■ DATASET:
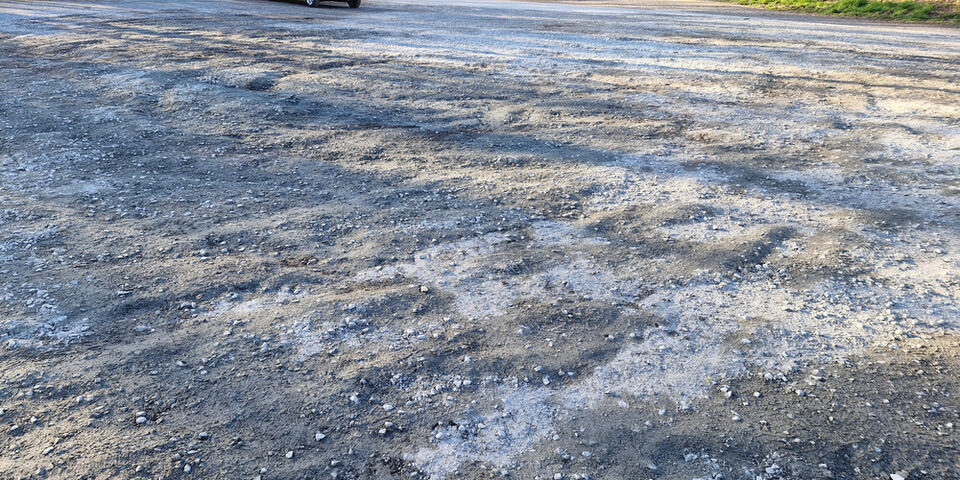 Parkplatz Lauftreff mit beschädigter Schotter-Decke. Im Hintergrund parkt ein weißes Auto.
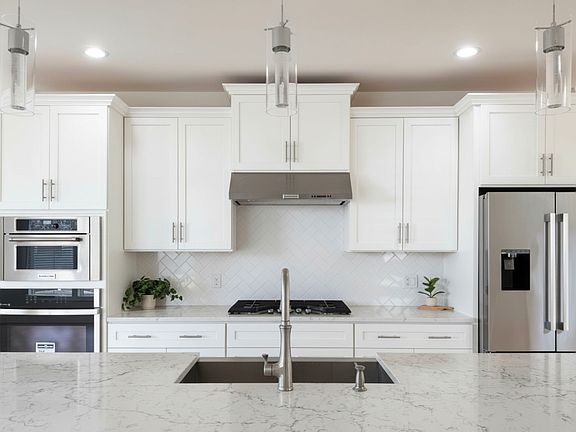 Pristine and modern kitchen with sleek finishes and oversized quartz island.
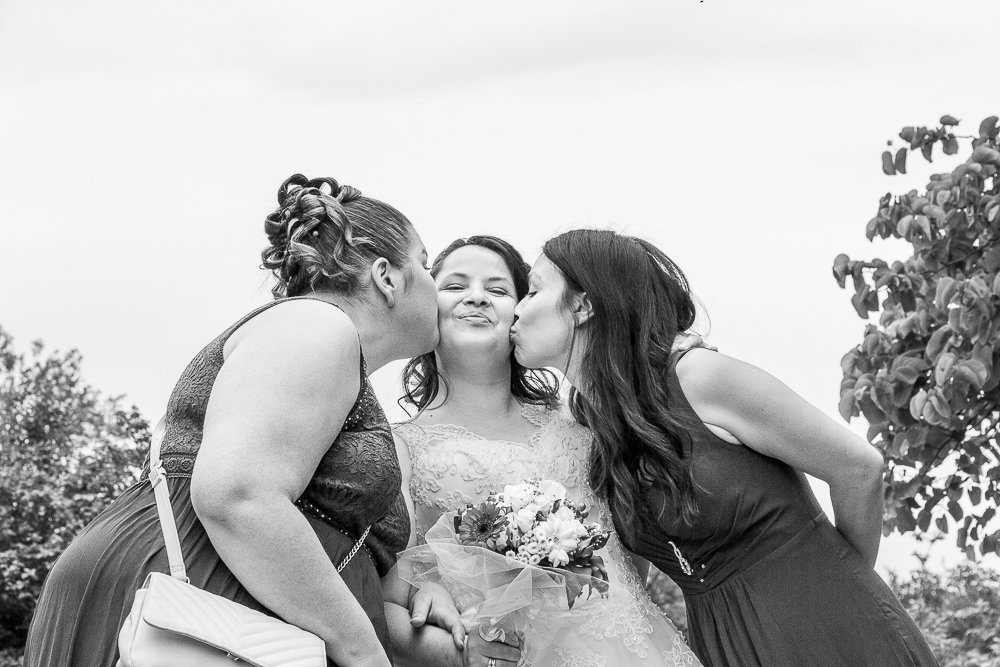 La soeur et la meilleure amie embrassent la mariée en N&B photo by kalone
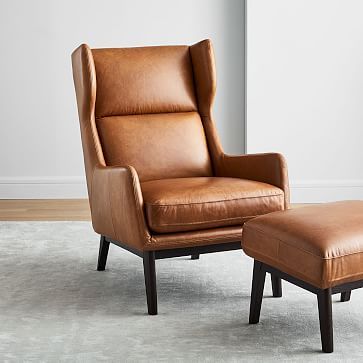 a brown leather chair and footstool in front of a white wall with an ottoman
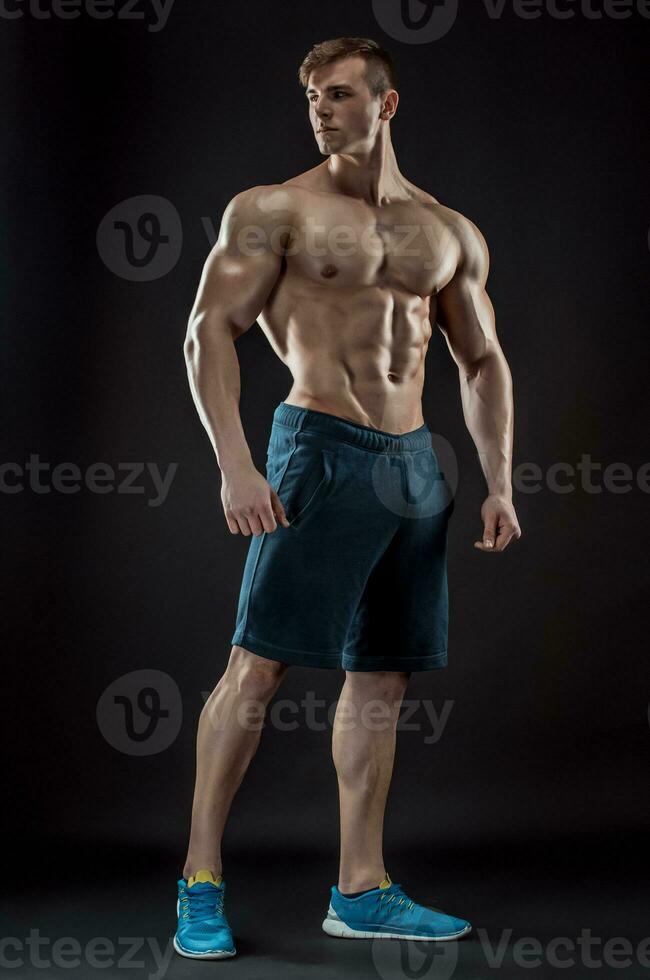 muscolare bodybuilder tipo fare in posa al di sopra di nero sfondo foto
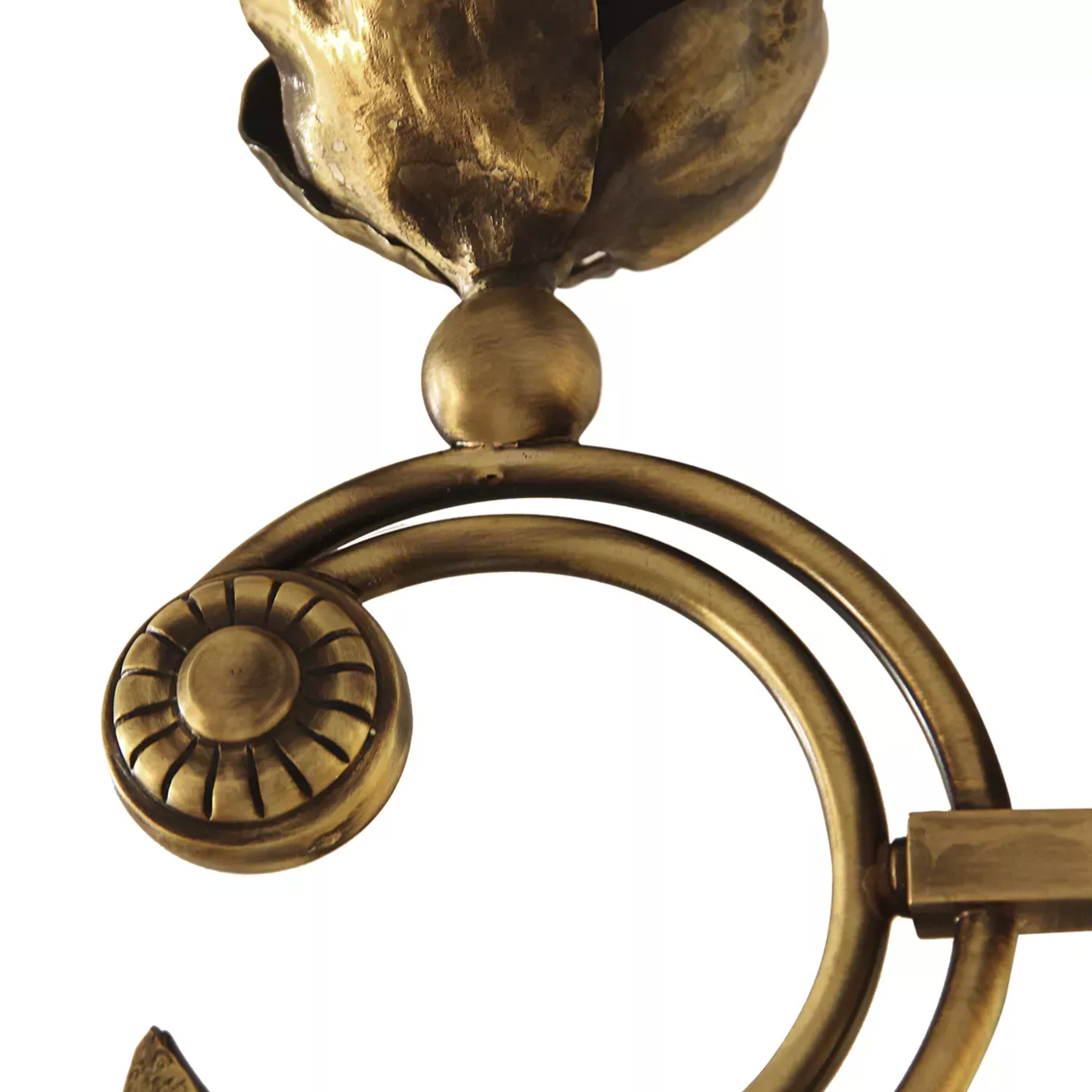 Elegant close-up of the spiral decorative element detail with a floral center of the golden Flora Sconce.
--
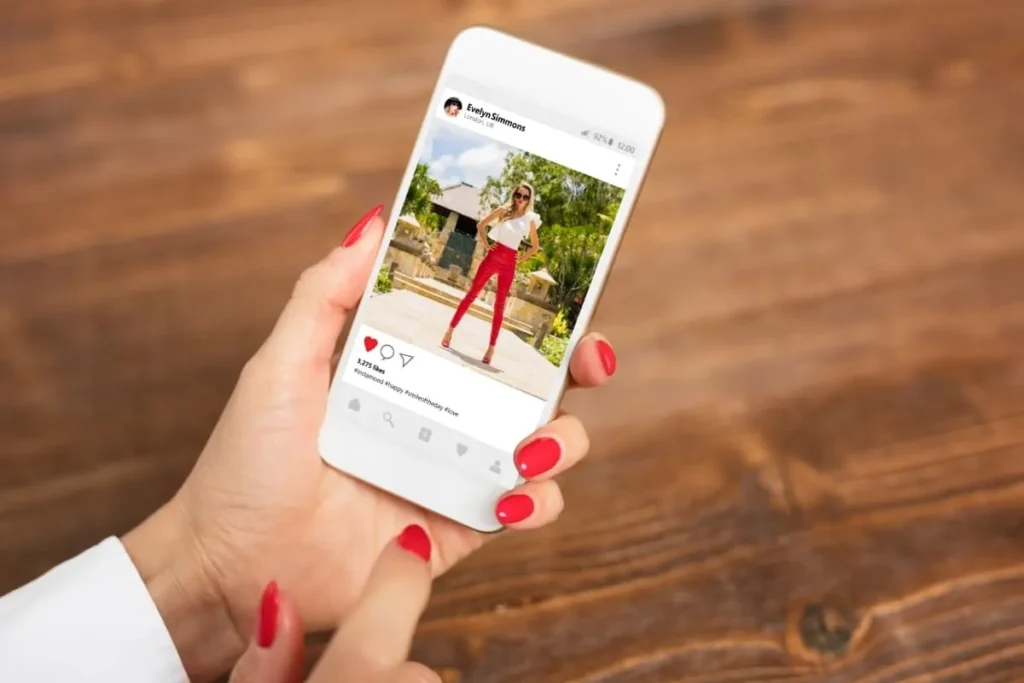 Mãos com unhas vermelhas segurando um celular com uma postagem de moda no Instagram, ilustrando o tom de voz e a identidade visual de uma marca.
--
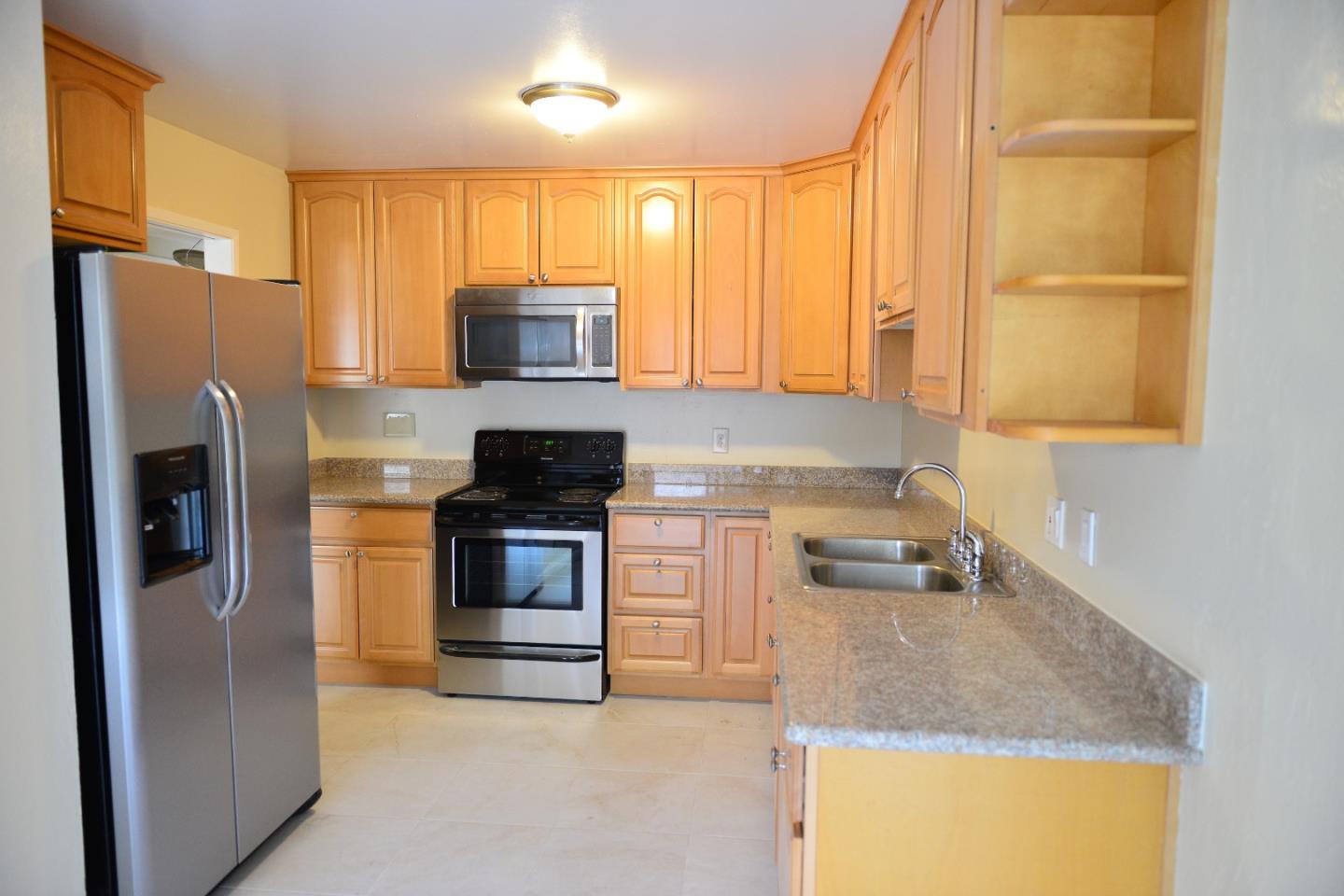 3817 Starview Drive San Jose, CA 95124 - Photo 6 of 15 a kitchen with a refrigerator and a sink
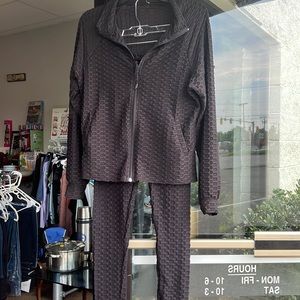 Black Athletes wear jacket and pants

■ TASK TO CARRY OUT: Look above for the line with "muscolare bodybuilder tipo" and the line with "Elegant close-up of", then copy them and all lines in between exactly as written, and only those, without any pictures.

■ OUTPUT FOR THIS EXERCISE:
 muscolare bodybuilder tipo fare in posa al di sopra di nero sfondo foto
 Elegant close-up of the spiral decorative element detail with a floral center of the golden Flora Sconce.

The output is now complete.